1 : Tous les ans à la Pentecôte, se tient la "fête" du groupe trotskiste français, Lutte ouvrière (LO du nom de son journal) dans la région parisienne. A côté du côté kermesse, LO organise des débats publics avec d'autres groupes trotskistes (notamment la LCR, IVème Internationale). Un lieu est réservé à la tenue de stand des groupes politiques, y inclus ceux de la Gauche communiste, et ceux-ci peuvent en outre tenir des forums publics où tout le monde peut intervenir.

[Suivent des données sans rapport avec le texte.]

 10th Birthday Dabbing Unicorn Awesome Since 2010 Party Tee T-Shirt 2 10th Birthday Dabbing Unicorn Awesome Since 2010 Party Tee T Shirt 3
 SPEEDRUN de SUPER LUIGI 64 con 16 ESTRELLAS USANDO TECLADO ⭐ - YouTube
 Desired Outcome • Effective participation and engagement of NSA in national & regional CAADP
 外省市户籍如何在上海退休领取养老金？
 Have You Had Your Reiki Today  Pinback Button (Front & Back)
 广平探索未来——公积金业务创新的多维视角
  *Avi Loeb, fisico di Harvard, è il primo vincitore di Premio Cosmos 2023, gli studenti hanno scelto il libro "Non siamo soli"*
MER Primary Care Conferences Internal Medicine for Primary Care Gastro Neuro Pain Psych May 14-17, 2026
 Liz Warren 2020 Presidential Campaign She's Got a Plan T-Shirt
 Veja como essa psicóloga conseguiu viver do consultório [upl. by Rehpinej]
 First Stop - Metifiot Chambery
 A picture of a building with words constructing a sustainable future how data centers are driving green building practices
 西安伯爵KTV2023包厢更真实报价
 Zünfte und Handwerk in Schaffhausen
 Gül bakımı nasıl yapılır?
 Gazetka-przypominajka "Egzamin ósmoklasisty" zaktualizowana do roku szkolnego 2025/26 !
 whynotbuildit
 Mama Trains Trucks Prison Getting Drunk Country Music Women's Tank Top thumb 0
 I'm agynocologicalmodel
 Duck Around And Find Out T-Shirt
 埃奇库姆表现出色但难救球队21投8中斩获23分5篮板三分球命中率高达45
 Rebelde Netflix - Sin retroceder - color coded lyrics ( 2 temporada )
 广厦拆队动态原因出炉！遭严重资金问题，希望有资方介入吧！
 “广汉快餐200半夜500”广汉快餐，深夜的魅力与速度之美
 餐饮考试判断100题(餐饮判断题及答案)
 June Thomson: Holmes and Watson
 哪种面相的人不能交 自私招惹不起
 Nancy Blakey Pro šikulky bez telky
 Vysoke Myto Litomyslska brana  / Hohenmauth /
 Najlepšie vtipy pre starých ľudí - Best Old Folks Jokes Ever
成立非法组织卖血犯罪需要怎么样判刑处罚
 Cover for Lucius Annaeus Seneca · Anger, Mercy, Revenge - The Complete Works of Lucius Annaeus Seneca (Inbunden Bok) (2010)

Pour cette raison, la "fête de LO" est un baromètre du rapport de forces entre les classes, entre l'extrème gauche de la bourgeoisie d'une part et les groupes du camp prolétarien d'autre part. Cette année particulièrement. Il s'agit certes d'une photo, avec les limites de temps et de lieu de toute photo, mais d'une photo qui exprime un moment d'une situation politique. On peut y voir la capacité et la volonté des groupes du camp prolétarien à mener le combat contre les expressions de l'extrème gauche de la bourgeoisie.

2 Notes des luttes étudiantes en France, 19 mars 2006, uniquement paru sur le site anglais du CCI, traduit et souligné par nous.